• _HOW TO COMPLETE THIS TASK_
Somewhere below, one line contains "Upstairs floor plan with measurements" and a later line contains "Машина Blaze And". Output those two lines and everything between them exactly, and nothing else.

• _SOURCE RECORDS_
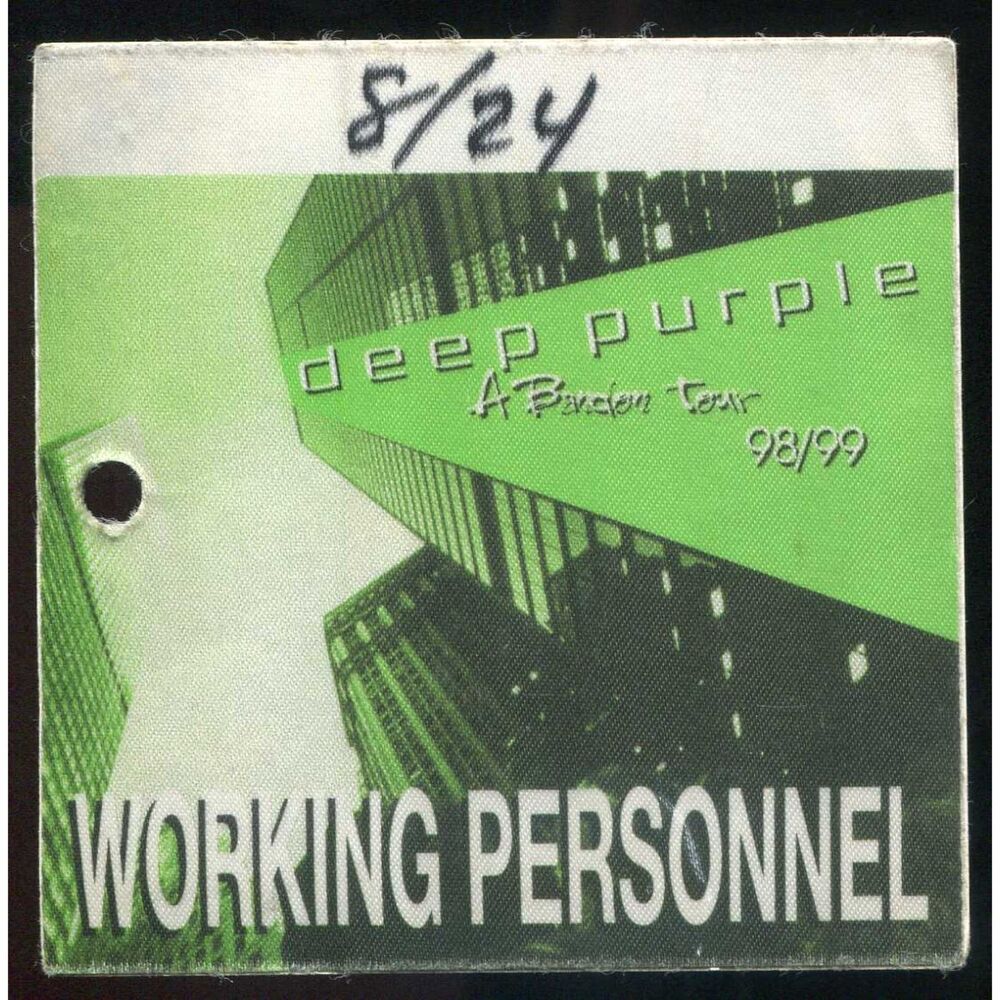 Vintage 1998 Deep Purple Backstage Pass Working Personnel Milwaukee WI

* * *

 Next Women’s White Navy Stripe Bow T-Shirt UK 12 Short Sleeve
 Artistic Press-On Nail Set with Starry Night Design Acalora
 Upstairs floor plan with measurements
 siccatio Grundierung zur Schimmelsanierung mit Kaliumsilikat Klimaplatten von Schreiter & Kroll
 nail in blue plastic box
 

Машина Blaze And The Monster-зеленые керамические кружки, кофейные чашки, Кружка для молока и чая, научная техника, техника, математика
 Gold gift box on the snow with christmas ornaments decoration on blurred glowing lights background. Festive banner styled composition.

...

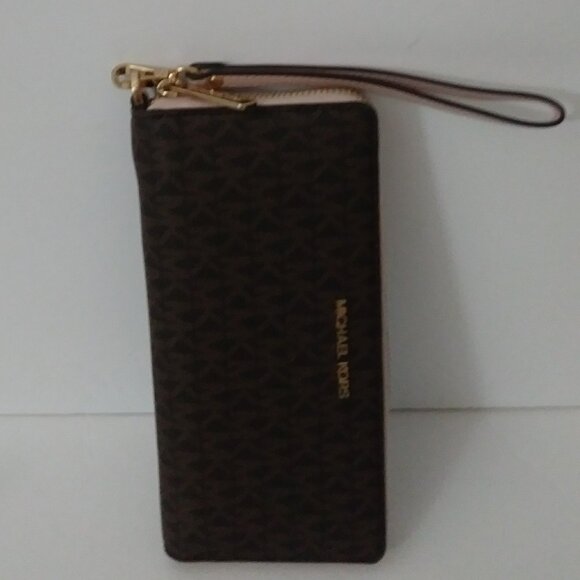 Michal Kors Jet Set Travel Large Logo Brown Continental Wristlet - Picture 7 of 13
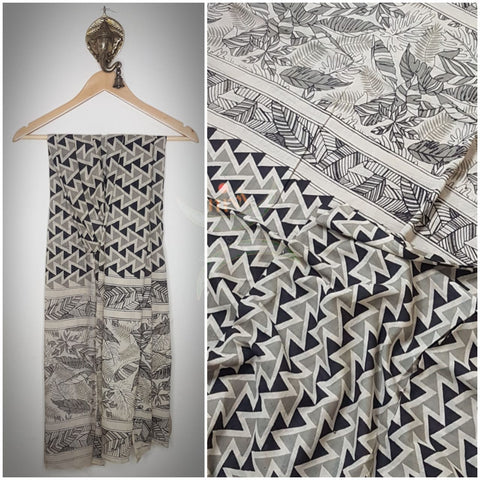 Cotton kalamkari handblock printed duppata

• _SOLUTION TO THIS PROBLEM_
 Upstairs floor plan with measurements
 siccatio Grundierung zur Schimmelsanierung mit Kaliumsilikat Klimaplatten von Schreiter & Kroll
 nail in blue plastic box
 

Машина Blaze And The Monster-зеленые керамические кружки, кофейные чашки, Кружка для молока и чая, научная техника, техника, математика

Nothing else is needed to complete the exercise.